Celah yang muncul dalam relasi antara agama dan lingkungan di kalangan masyarakat Indonesia lalu dimanfaatkan oleh MOSAIC, sebuah forum bersama yang terdiri dari para pemimpin, organisasi dan gerakan Muslim lintas entitas, untuk dapat menjawab tantangan dalam perubahan iklim melalui pendekatan agama.
Pembentukan MOSAIC, yang merupakan akronim dari Muslims for Shared Actions on Climate Impact, juga didasari oleh tingginya kepercayaan masyarakat terhadap pemuka agama seperti yang tercermin dalam jajak pendapat awal yang mereka lakukan di awal pembentukan.
“Salah satu yang menarik adalah ketika kita tanya tentang trusted messenger atau pembawa pesan [yang] efektif untuk isu perubahan iklim, pemuka agama itu menempati nomor dua, bahkan di atas Presiden Jokowi,” kata Aldy Permana, anggota MOSAIC, kepada VOA.
Agama sebagai Medium
Mulai digodok dari tahun 2021, cikal bakal MOSAIC resmi diluncurkan melalui Kongres Umat Islam untuk Indonesia Lestari yang diadakan di Jakarta pada 28 dan 29 Juli 2022. Nama MOSAIC sendiri disepakati pada bulan April tahun ini dengan kanal media sosial Umat Untuk Semesta hadir sebagai akun kampanye utama dari gerakan ini.

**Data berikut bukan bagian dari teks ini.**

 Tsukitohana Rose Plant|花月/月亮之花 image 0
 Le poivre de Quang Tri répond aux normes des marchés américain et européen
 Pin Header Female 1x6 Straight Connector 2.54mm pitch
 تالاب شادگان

Gerakan yang mencakup organisasi Islam besar seperti Lembaga Penanggulangan Bencana dan Perubahan Iklim Nahdlatul Ulama (LPBI NU) dan Majelis Lingkungan Hidup PP Muhammadiyah, hadir dengan berbagai program yang menyasar persoalan lingkungan dan berupaya menyediakan solusi atas tantangan perubahan iklim yang saat ini muncul.
MOSAIC saat ini telah menjalankan sejumlah program seperti Bengkel Hijrah Iklim, yang merupakan sebuah pelatihan bagi anak muda untuk dapat membuat gerakan di bidang lingkungan dengan mengintegrasikan nilai-nilai keislaman, serta Sedekah Energi, pemberian panel surya sekaligus pelatihan kepada para pengurus masjid untuk merawat panel surya. MOSAIC juga berencana untuk meluncurkan program wakaf hutan sebagai bagian dari kegiatannya.

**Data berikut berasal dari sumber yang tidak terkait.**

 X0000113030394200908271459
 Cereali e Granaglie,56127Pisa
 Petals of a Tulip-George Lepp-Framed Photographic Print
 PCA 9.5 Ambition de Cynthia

Program Sedekah Energi yang berlangsung dari bulan Februari hinggal Juli tahun ini misalnya telah berhasil memasang panel surya di Masjid Al Ummah Al Islamiyah, Sembalun, Nusa Tenggara Barat, dan Masjid Al-Muharram di Yogyakarta. Pada program di Yogyakarta, publik dapat berpartisipasi dalam crowdfunding di mana dananya digunakan dalam implementasi program tersebut.
“Sejujurnya selama ini kita, atau lintas umat Islam, atau melalui lembaga-lembaga keagamaan Islam, itu sudah memiliki inisiatif dan aksi untuk menghadapi perubahan iklim. Tentu selama ini jalan sendiri, karena memang inisiatif sendiri dengan menggunakan sumber daya sendiri, dan saya kira ini menjadi potensi yang luar biasa besar kalau kemudian bisa dikolaborasikan, bisa dibuat aksi bersama untuk lebih efektif dan lebih berdampak luas,” ujar M. Ali Yusuf, pengurus LPBI NU yang juga steering committee MOSAIC.

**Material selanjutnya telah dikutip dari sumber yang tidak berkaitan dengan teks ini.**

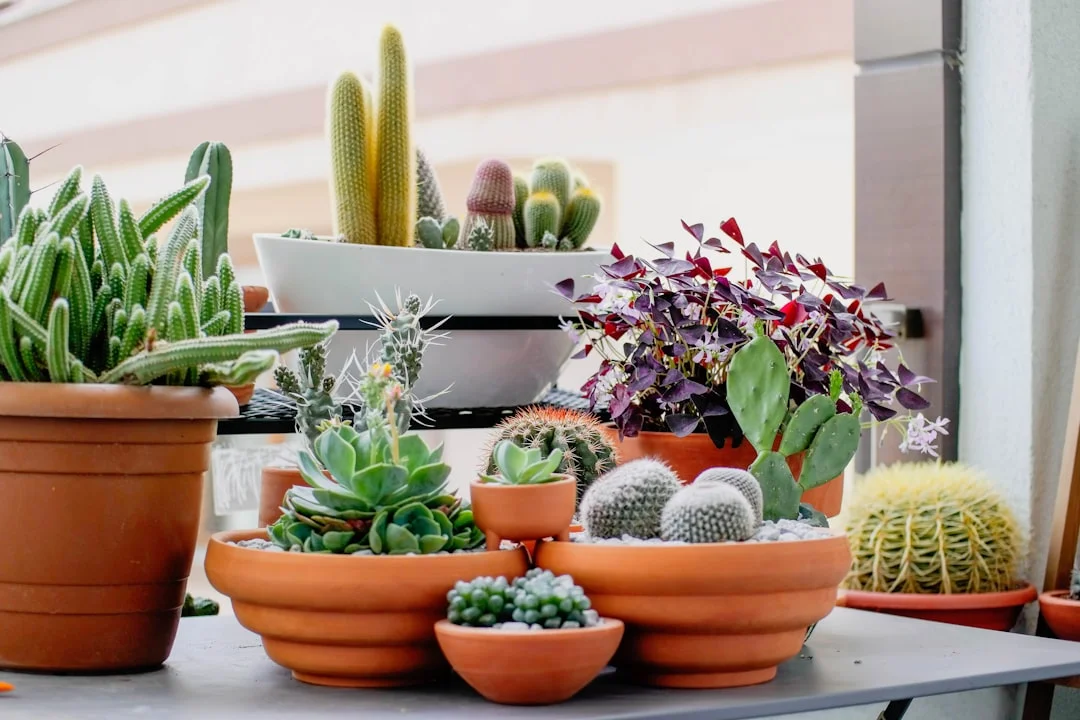 Indoor Plants for Air Quality plant growing in terracotta pot at home — best indoor plants for air quality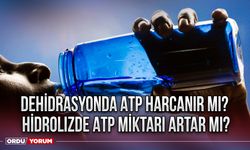 Dehidrasyonda ATP harcanır mı? Hidrolizde ATP miktarı artar mı?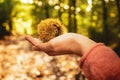 Hand holding a chestnut in autumn forest unfocused background Royalty Free Stock Photo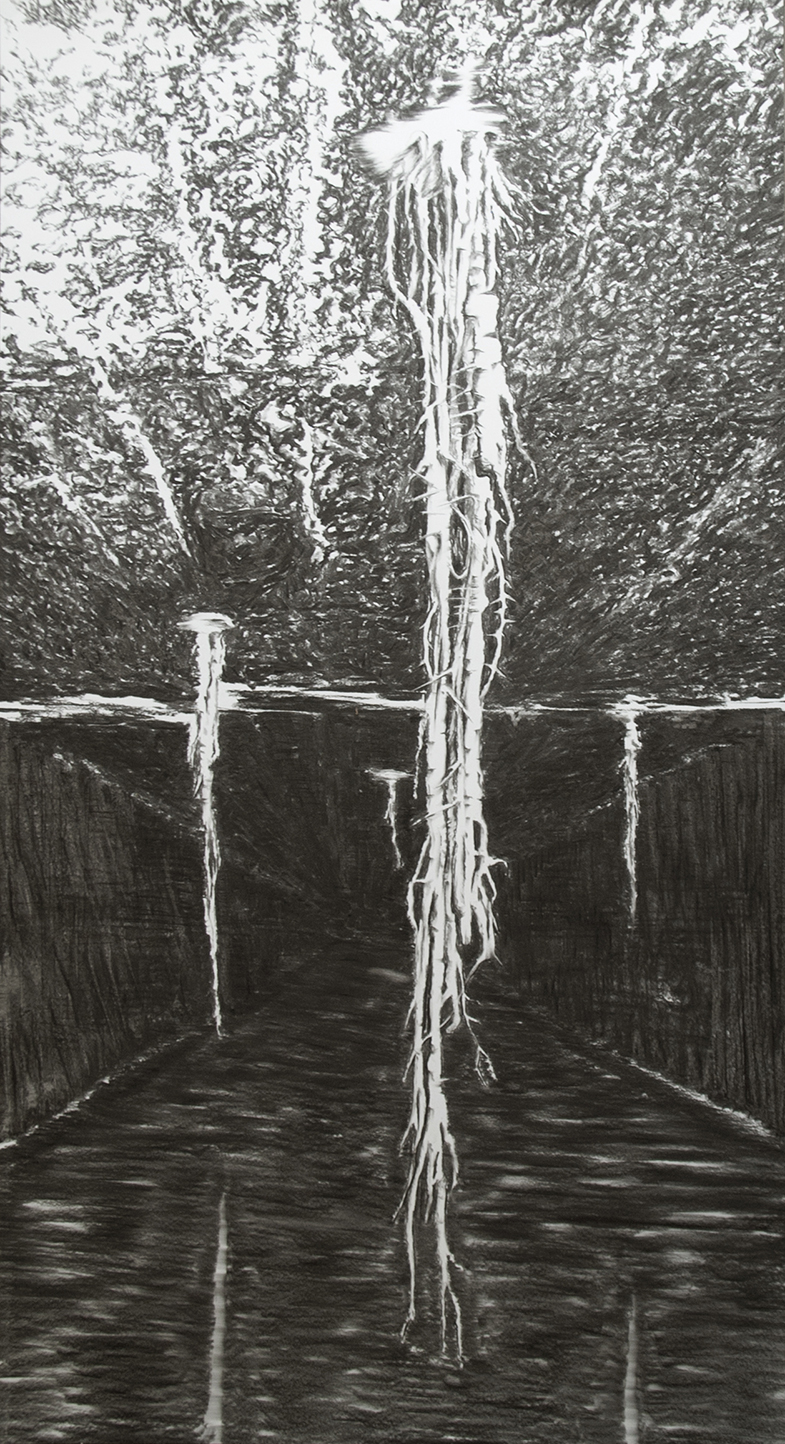 2020 Beginning of Forest 203x1125 charcoal on paper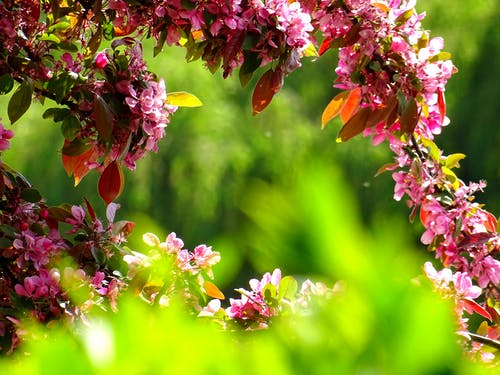 Detail Nature Images Downloads Nomer 27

Melihat usianya yang baru seumur jagung, MOSAIC menghadapi sejumlah tantangan dalam menjalankan kerjanya. Perbedaan latar belakang dan keahlian dari sejumlah organisasi yang tergabung dalam gerakan tersebut membuat pengurus berupaya untuk mencocokkan ketertarikan, dan kapasitas dari masing-masing organisasi yang terlibat untuk membuat program dapat berjalan dan menjadi relevan, ujar Rika Novayanti, koordinator steering committee MOSAIC.
“Karena salah satu target terbesar kita adalah kita ingin ngobrolin isu iklim sama orang-orang yang kita sebut non-tradisional. Audiens non-tradisional ini artinya audiens-audiens yang selama ini belum fokus sama isu iklim, Mungkin karena mereka tidak punya akses, mungkin karena mereka belum punya ketertarikan,” ujar Rika.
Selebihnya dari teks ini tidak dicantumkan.